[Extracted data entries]
--- START ---

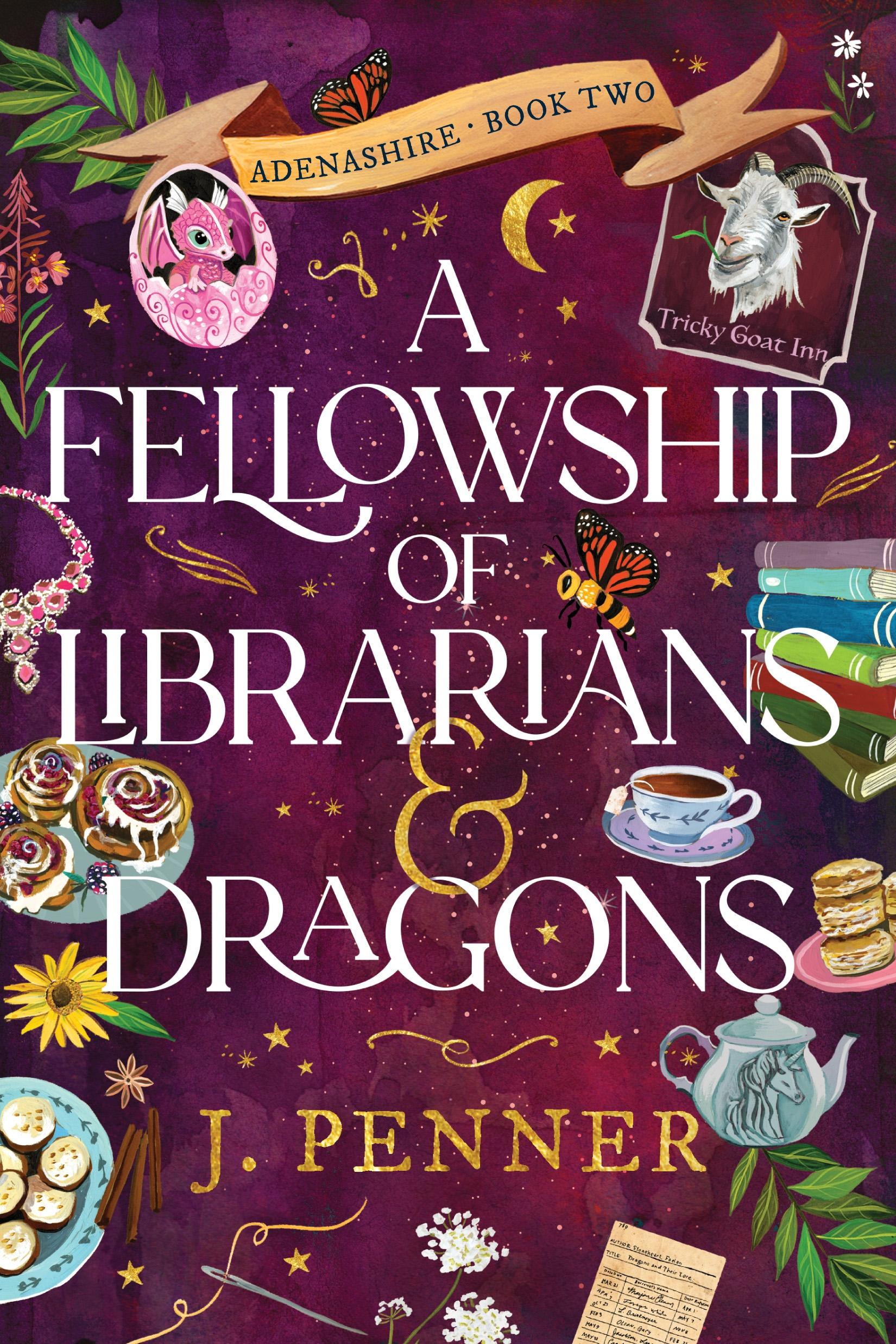 Vorderes Coverbild A Fellowship of Librarians & Dragons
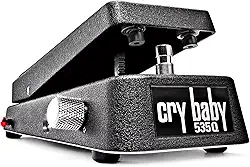 Pedal de efeitos de guitarra JIM DUNLOP Cry Baby Multi-Wah 535Q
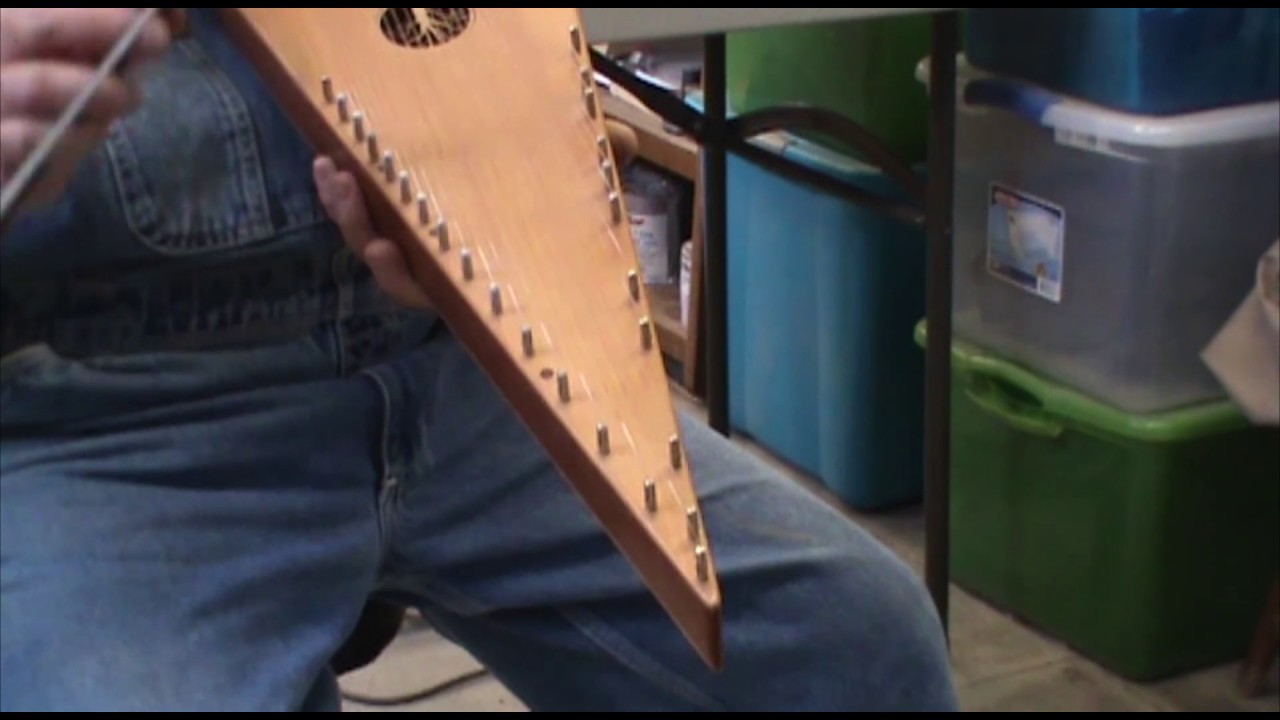 Bowed Psaltery First Lesson Part 3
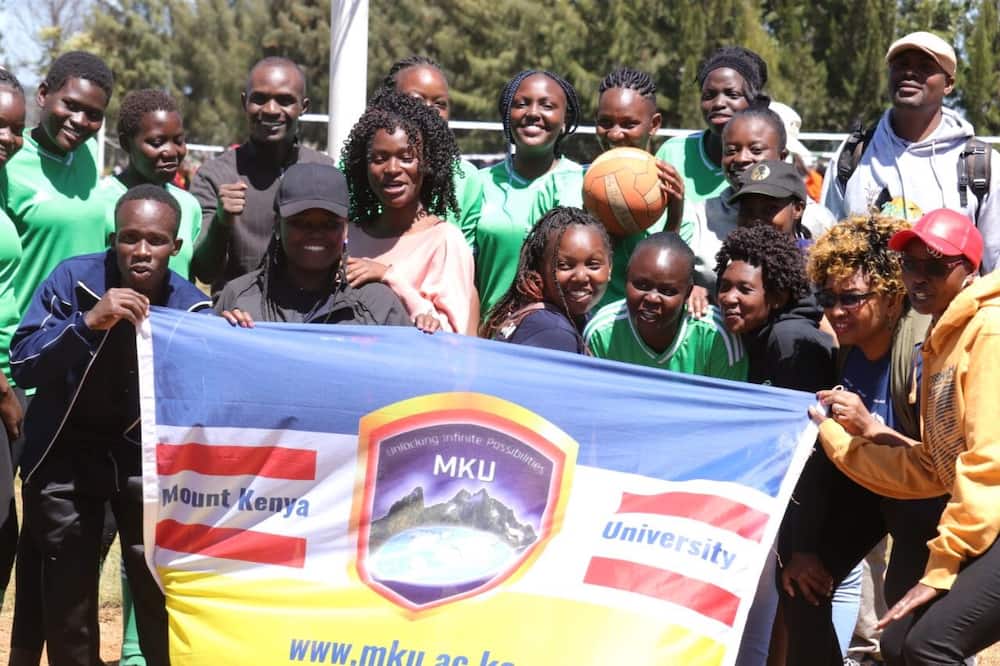 Mount Kenya University shines at KUSA games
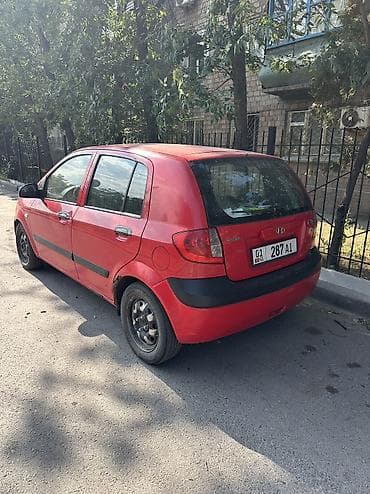 хундай гетс запчасть: Hyundai Getz: 2008 г., 1.1 л, Механика, Бензин, Седан — 6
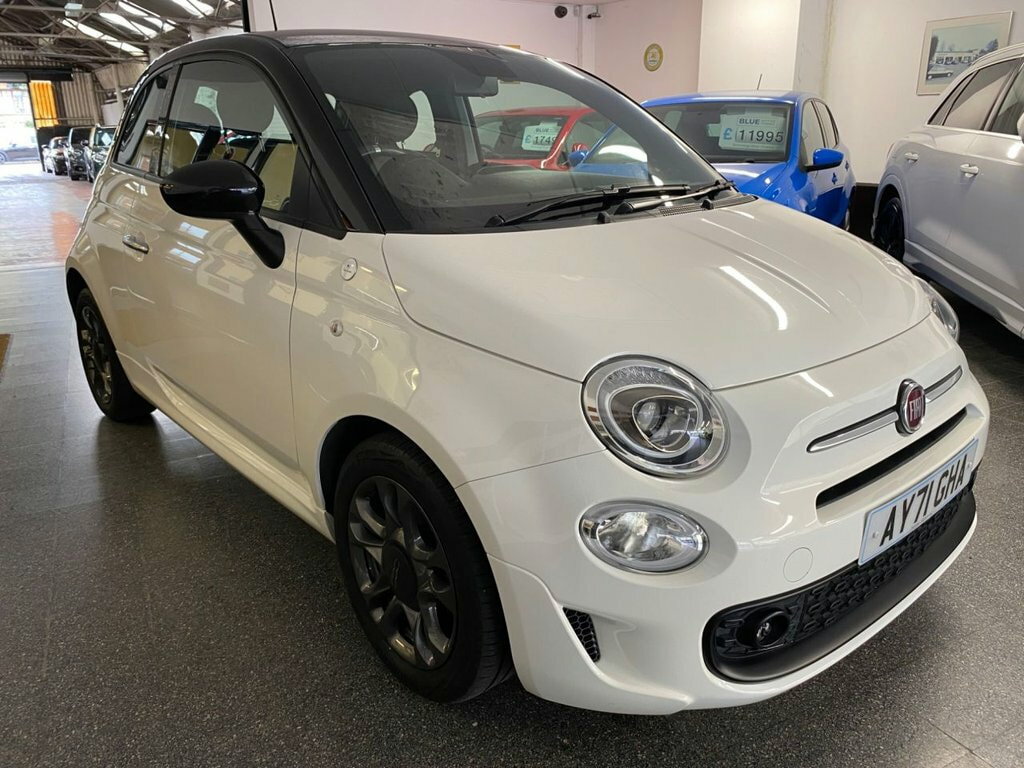 Fiat 500 1.0 Mhev Hey Google Hatchback Eu White #6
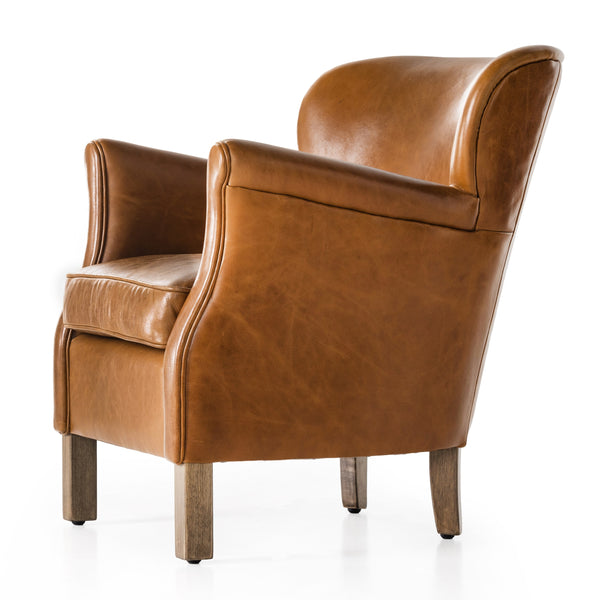 Wycliffe Chair In Vintage Soft Camel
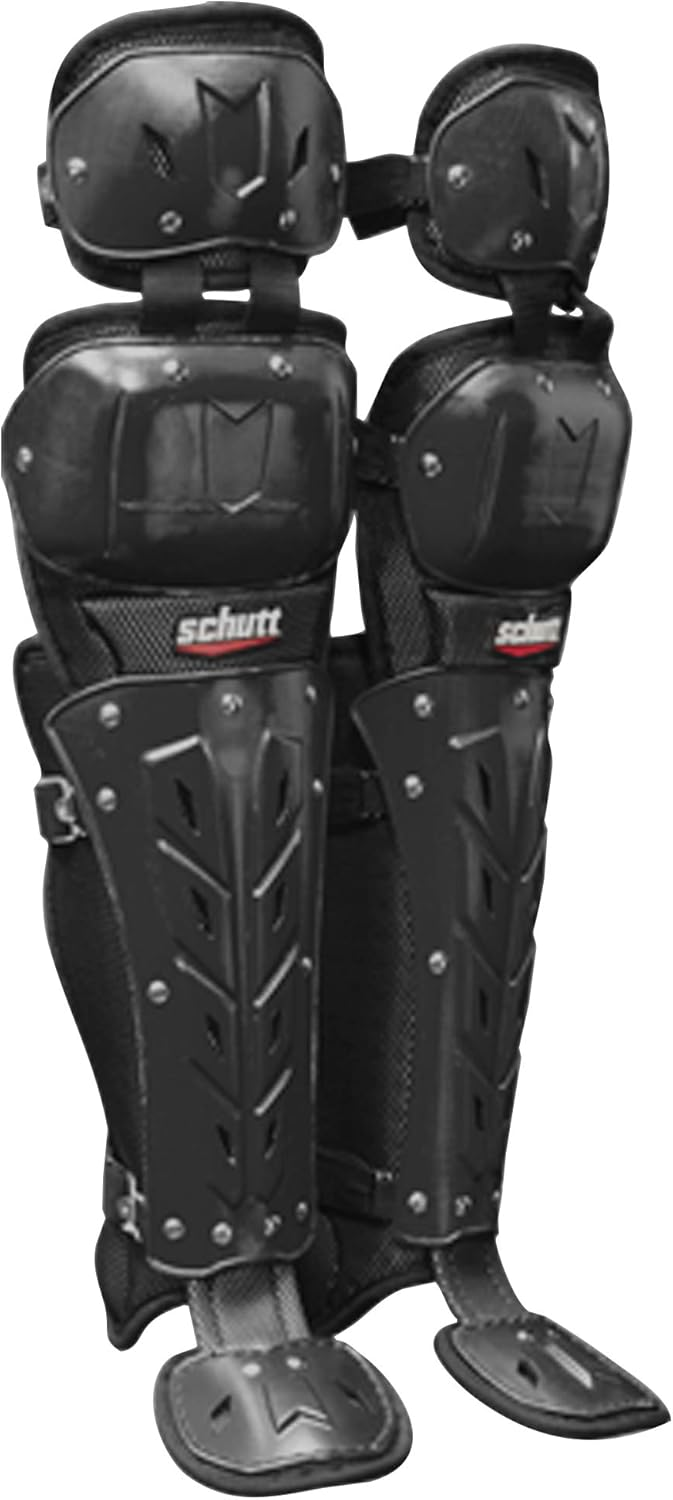 Scorpion Air Maxx Double Flex Knee Leg Guards - Black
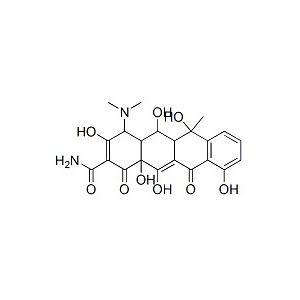 土霉素；土霉素堿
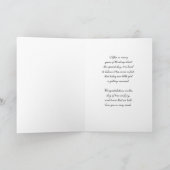 Bloemen Dochter Bruiloft Gefeliciteerd Kaart (Binnen)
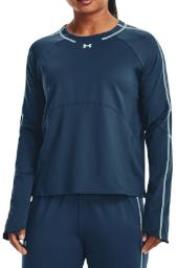 T-Shirt de manga comprida Under Armour UA Train CW Crew-BLU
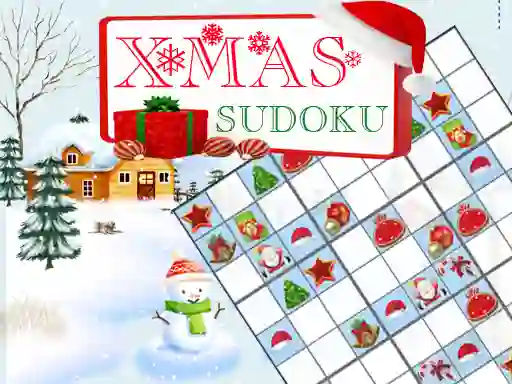 XMAS SUDOKU เกมออนไลน์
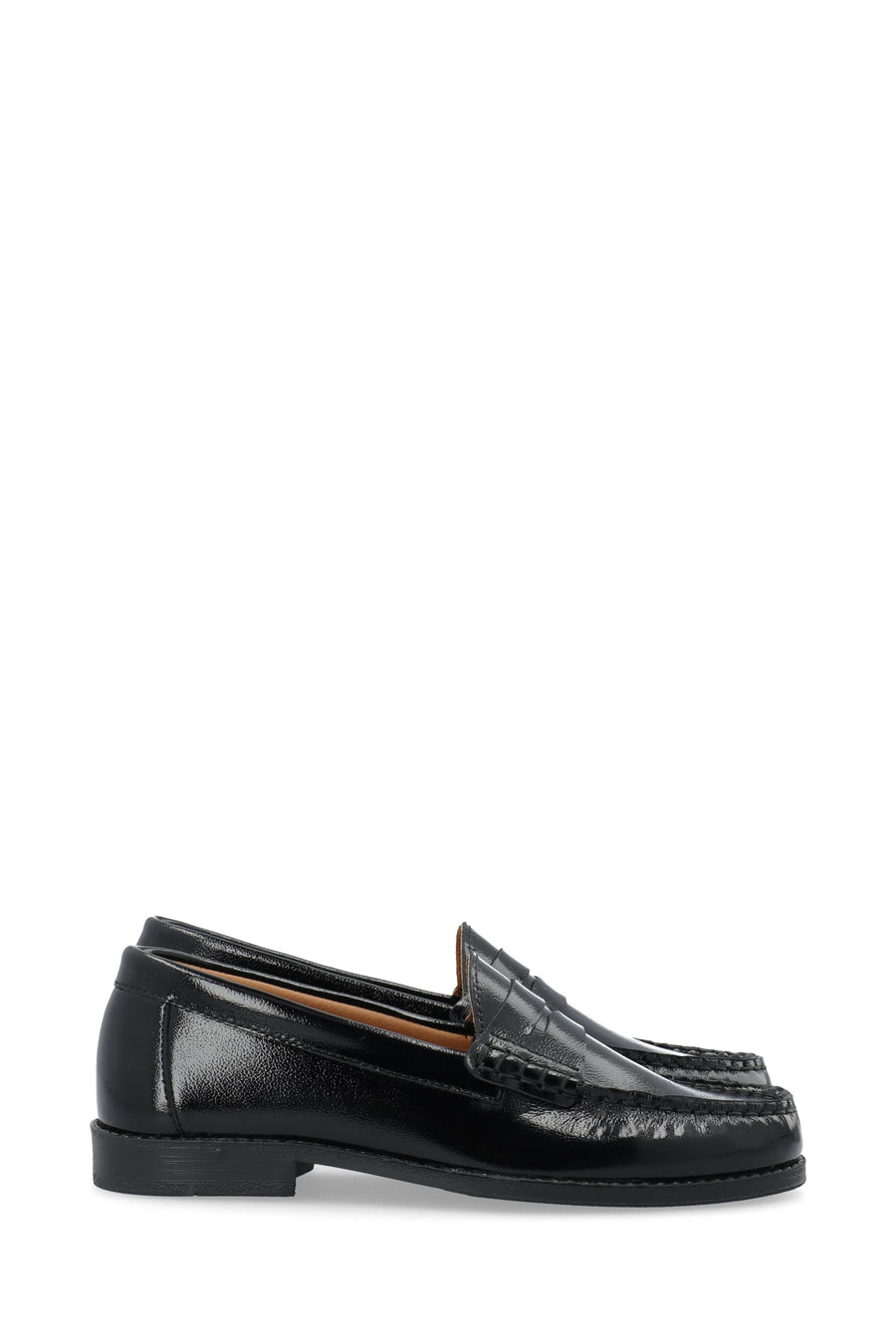 BIAPOP PENNY LOAFER NAPPALACK - SCHWARZE LOAFER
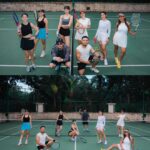 Pevita Pearce Instagram – Ontimetennisclub ~ Afternoon court ballet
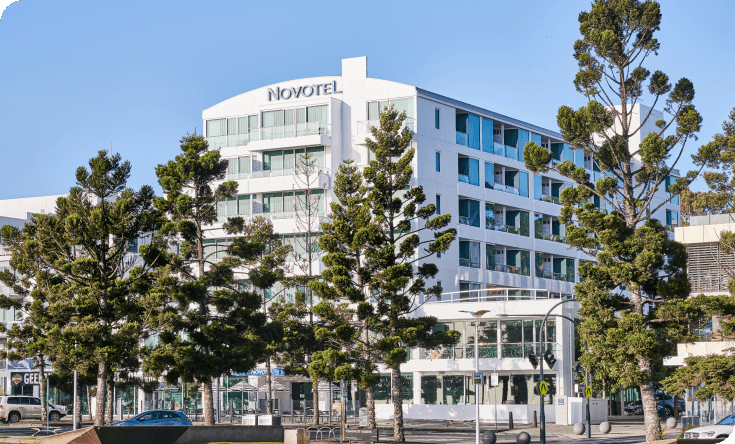 Novotel Geelong hotel Australia - 58% online check-in rate case study with Duve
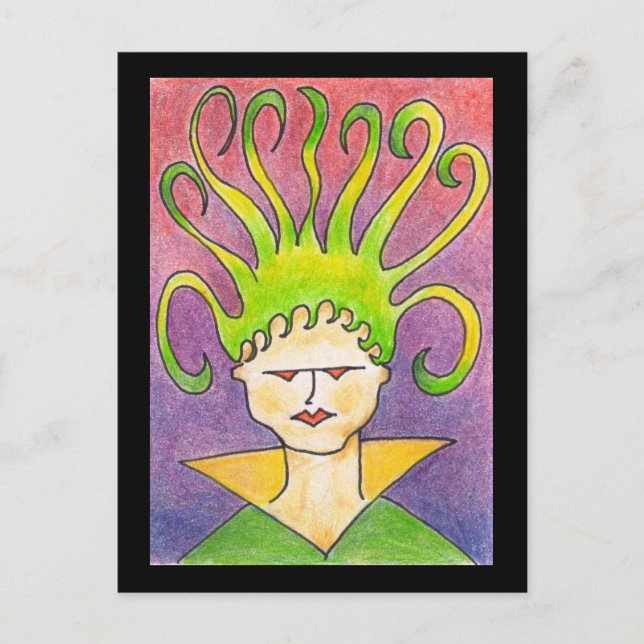 Medusa Postcard (Front)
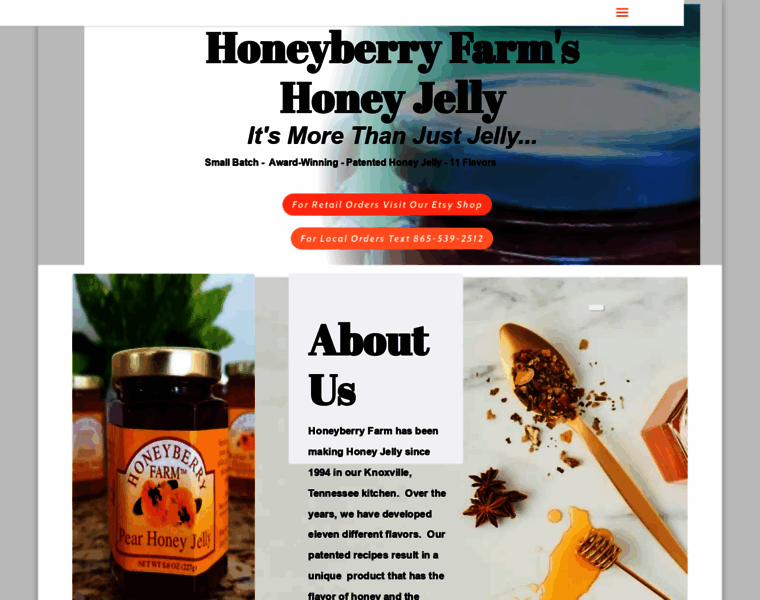 Honeyjelly.com thumbnail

--- END ---

**Your goal**
Copy exactly the lines of the entries above from the one containing "T-Shirt de manga" through the one containing "Novotel Geelong hotel". Both end lines count; pictures do not.

**Response**
 T-Shirt de manga comprida Under Armour UA Train CW Crew-BLU
 XMAS SUDOKU เกมออนไลน์
 BIAPOP PENNY LOAFER NAPPALACK - SCHWARZE LOAFER
 Pevita Pearce Instagram – Ontimetennisclub ~ Afternoon court ballet
 Novotel Geelong hotel Australia - 58% online check-in rate case study with Duve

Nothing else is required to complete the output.